#### DATA LISTING
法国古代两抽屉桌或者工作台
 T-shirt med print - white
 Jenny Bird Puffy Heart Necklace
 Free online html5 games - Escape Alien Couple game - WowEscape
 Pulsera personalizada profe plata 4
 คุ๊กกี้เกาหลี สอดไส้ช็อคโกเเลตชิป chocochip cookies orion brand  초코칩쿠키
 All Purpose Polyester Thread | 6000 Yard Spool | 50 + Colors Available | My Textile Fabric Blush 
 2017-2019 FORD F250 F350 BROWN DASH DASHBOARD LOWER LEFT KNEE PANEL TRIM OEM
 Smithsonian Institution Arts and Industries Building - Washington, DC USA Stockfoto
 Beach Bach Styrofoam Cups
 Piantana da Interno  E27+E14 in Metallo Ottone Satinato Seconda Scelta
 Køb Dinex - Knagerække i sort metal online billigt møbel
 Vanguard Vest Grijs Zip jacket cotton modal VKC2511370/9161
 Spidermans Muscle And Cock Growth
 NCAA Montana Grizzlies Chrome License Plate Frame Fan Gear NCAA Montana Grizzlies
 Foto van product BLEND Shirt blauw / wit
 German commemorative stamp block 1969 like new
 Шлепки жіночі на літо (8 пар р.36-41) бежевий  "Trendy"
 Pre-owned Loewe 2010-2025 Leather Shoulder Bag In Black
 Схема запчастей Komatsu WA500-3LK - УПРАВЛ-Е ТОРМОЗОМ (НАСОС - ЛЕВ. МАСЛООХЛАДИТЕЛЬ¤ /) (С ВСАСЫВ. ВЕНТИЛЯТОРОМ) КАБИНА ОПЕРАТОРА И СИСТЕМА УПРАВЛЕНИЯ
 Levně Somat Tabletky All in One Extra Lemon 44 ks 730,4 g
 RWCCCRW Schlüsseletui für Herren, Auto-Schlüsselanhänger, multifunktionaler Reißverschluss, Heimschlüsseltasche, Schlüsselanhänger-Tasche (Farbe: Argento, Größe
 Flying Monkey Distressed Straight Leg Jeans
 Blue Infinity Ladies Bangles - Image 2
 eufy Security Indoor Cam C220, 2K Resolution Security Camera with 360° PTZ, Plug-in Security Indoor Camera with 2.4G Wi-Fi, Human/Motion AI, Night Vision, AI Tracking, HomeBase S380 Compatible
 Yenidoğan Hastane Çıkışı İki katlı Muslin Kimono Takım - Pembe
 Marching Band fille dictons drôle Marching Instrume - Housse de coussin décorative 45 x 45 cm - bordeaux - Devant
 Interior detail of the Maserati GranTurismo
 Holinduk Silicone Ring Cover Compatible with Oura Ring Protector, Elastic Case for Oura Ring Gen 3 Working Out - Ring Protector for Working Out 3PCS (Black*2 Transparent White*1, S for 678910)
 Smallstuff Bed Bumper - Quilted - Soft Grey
########
**EXERCISE OBJECTIVE**
Your response should be the lines above from the first to the one containing "2017-2019 FORD F250", inclusive, each given exactly.

**EXERCISE OUTPUT**
法国古代两抽屉桌或者工作台
 T-shirt med print - white
 Jenny Bird Puffy Heart Necklace
 Free online html5 games - Escape Alien Couple game - WowEscape
 Pulsera personalizada profe plata 4
 คุ๊กกี้เกาหลี สอดไส้ช็อคโกเเลตชิป chocochip cookies orion brand  초코칩쿠키
 All Purpose Polyester Thread | 6000 Yard Spool | 50 + Colors Available | My Textile Fabric Blush 
 2017-2019 FORD F250 F350 BROWN DASH DASHBOARD LOWER LEFT KNEE PANEL TRIM OEM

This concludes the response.